|operations/puppet||production||+1 -1||icinga/planet: use letsencrypt check command for https cert monitoring|
indeed, it's auto-renewed by acme-chief, we should tune those checks.
The new cert has been issued already and it's being staged to avoid client-side clock skew issues:
Jul 15 12:00:02 acmechief1001 acme-chief-backend: Staging_time will be enforced for unified / rsa-2048 till 2021-07-22 08:02:06
Should I just remove those checks or adjust them to stop caring about cert expiry? Or should they be kept but with lower threshold? If traffic doesn't need those alerts we can just remove that nowadays.
@Vgutierrez: A good first task is a self-contained, non-controversial task with a clear approach. It should be well-described with pointers to help a completely new contributor. Given the current short task description I'm removing the good first task tag. Please add details what exactly has to happen where and how for a new contributor, and then add back the good first task project tag. Thanks a lot in advance!

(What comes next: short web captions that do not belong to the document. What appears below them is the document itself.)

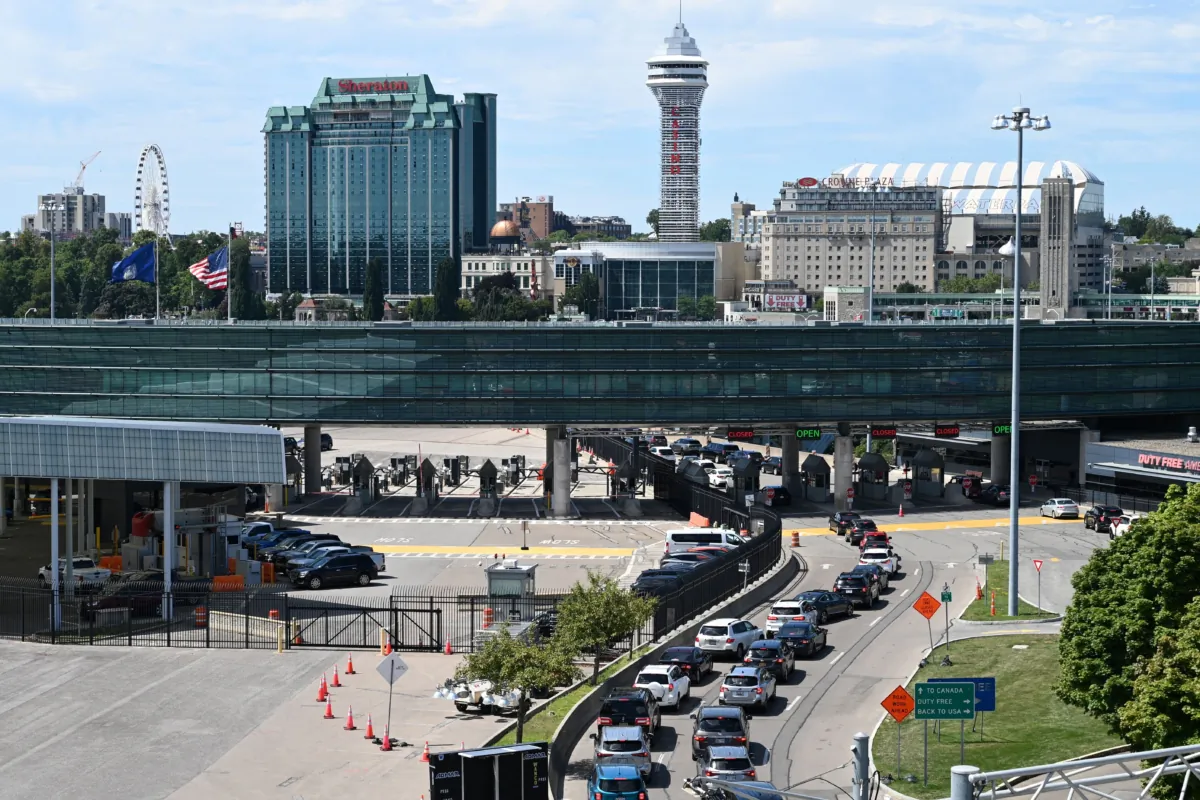 Cars wait in line to go through US customs at the Rainbow Bridge between Niagara Falls, New York and cross the border to Niagara Falls, Ontario, Canada on August 13, 2022.  (Daniel Slim/AFP via Getty Images)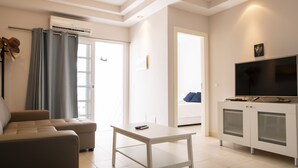 Un salon moderne comprenant un canapé, une table, un téléviseur et un appareil de climatisation.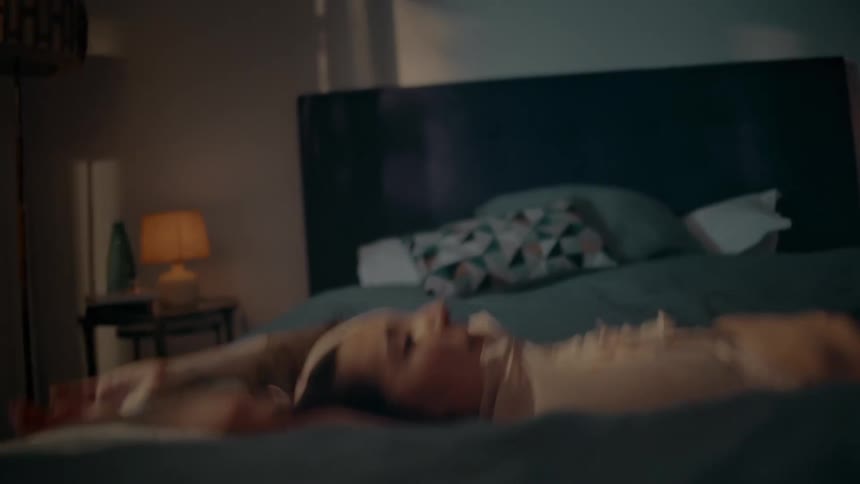 A woman jumping backwards onto her bed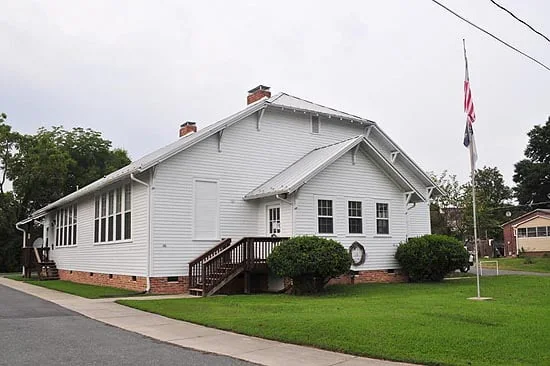 White community building with a flagpole and lawn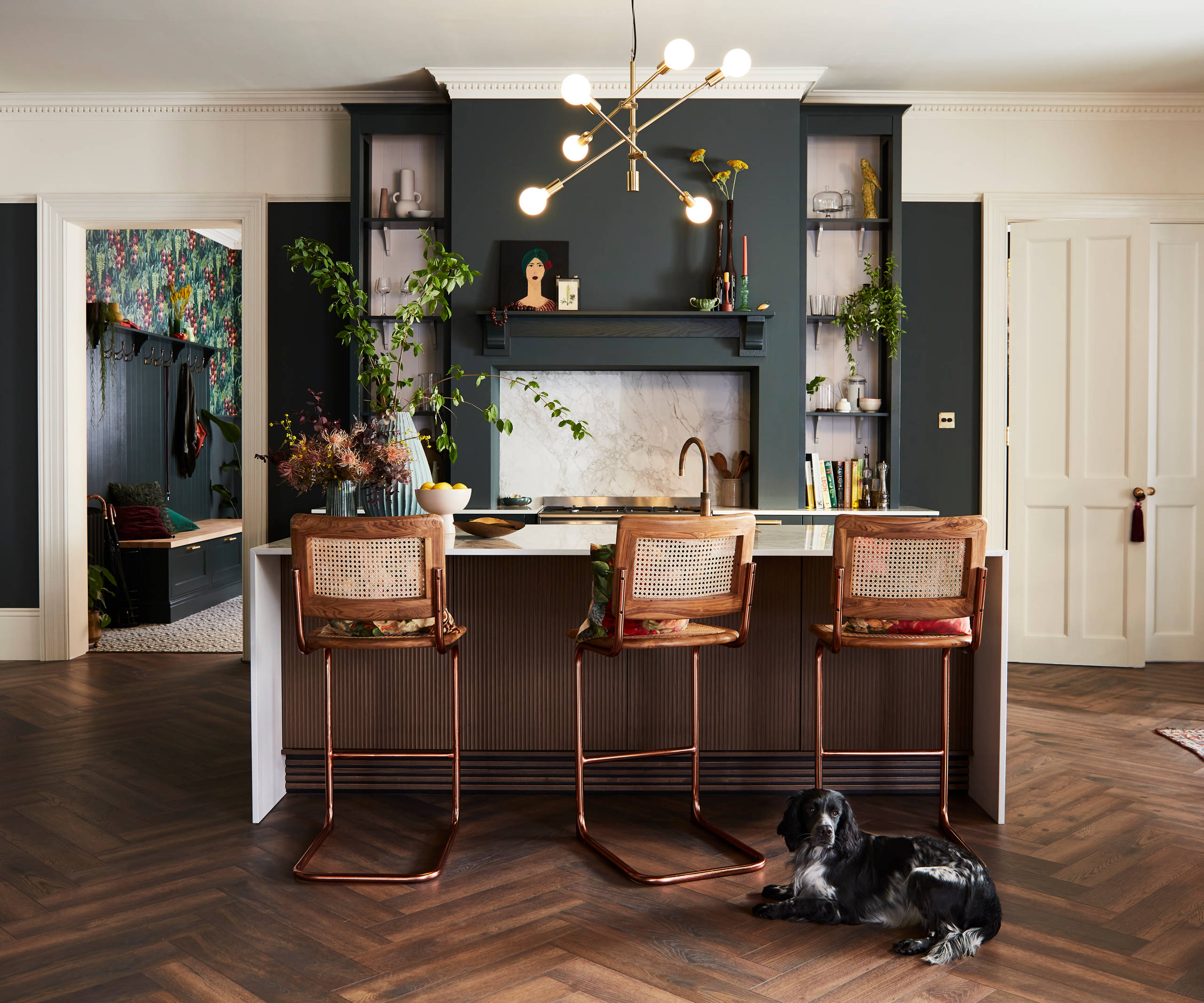 Ludlow, a traditional Shaker-style kitchen range in the shade Arboretum Green, combined with a dark wood panel kitchen island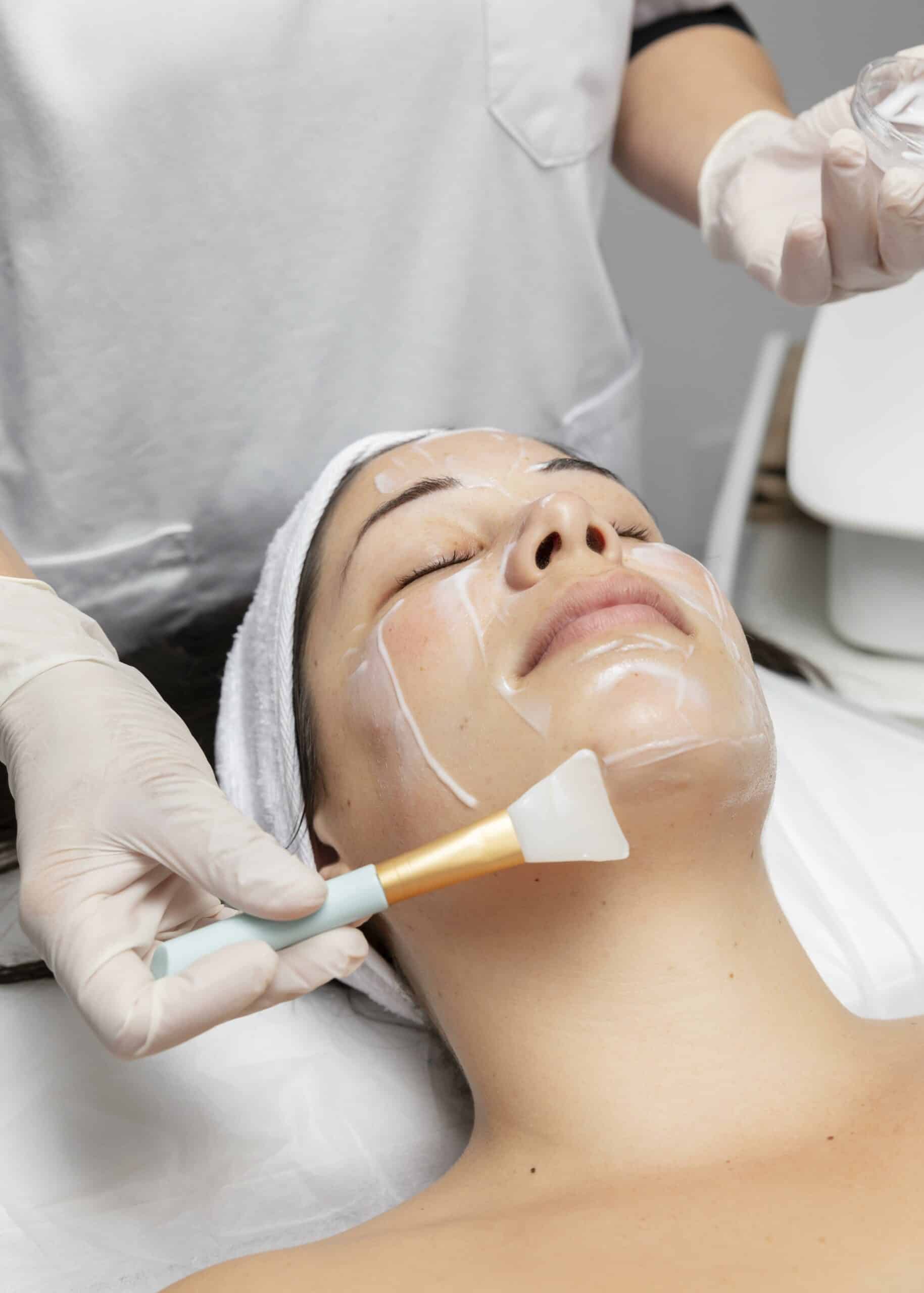 young-woman-having-facial-skincare-treatment-scaled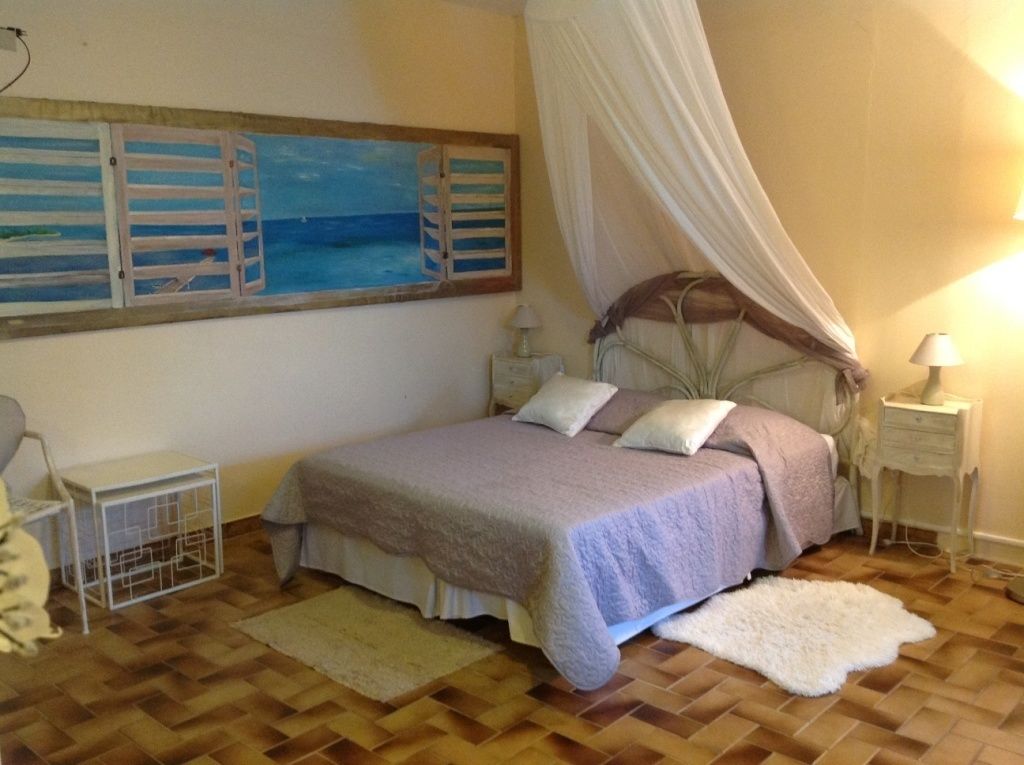 Un dormitorio con cama, mesita de noche, alfombra blanca y un cuadro de una playa. La cama tiene dosel.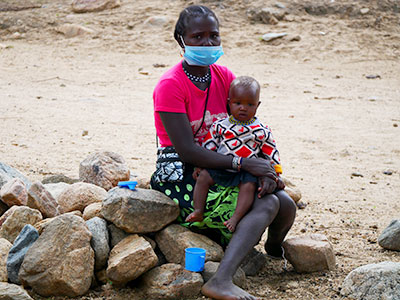 A mother waits with her child for treatment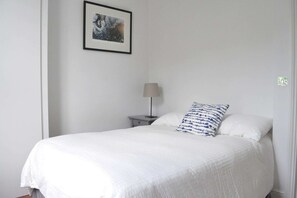 A neatly made bed with white bedding and a blue patterned pillow, a small bedside table with a lamp, and a framed picture on the wall.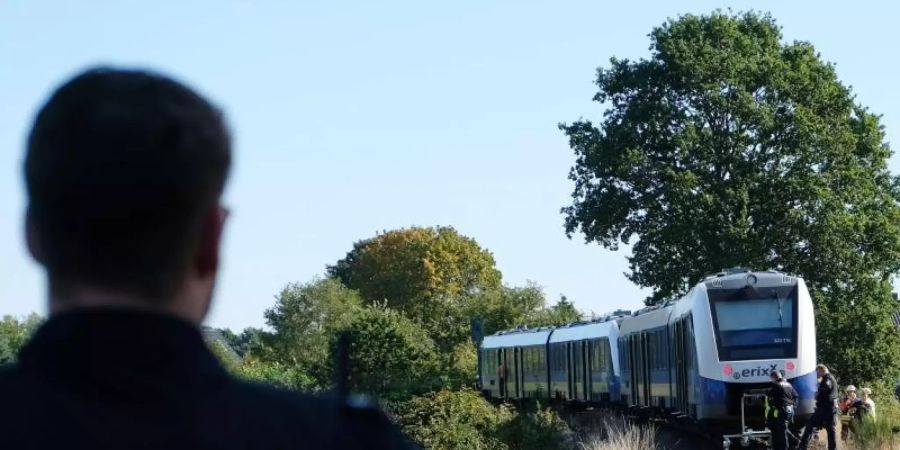 Ein Polizist steht in der Nähe des Unglücksortes auf dem Bahngleis bei Isenbüttel. Foto: Peter Steffen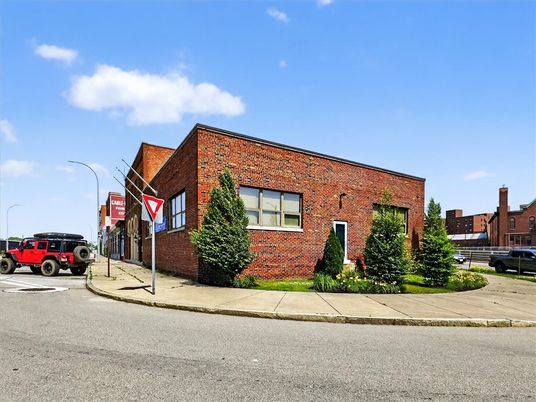 Exterior, Facade, Brick Facade, Condo Building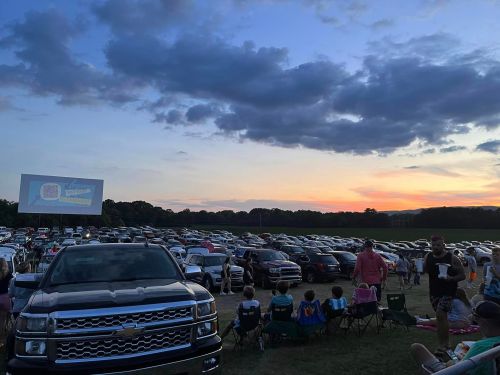 A crowded drive-in theater at sunset, with cars parked and a large screen displaying a movie.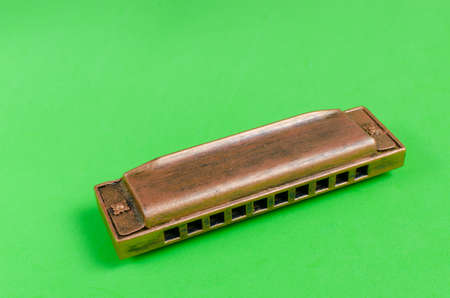 Old harmonica on a green background.Musical instrument.の写真素材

So.. we still want to monitor if TLS works on planet and phabricator, we just don't want to deal with cert expiry anymore. We need to create a new checkcommand probably. One of the less obvious parts to get right in Icinga/puppet, so no sure about the "good first task" but I will take it.
But the planet cert (https://en.planet.wikimedia.org/ and other language subdomains of it) is still a DigiCert cert and not an Letsencrypt cert.
That's why the fix isn't just replacing the "check_ssl_http" with "check_ssl_http_letsencrypt" which it would have been if that was the case.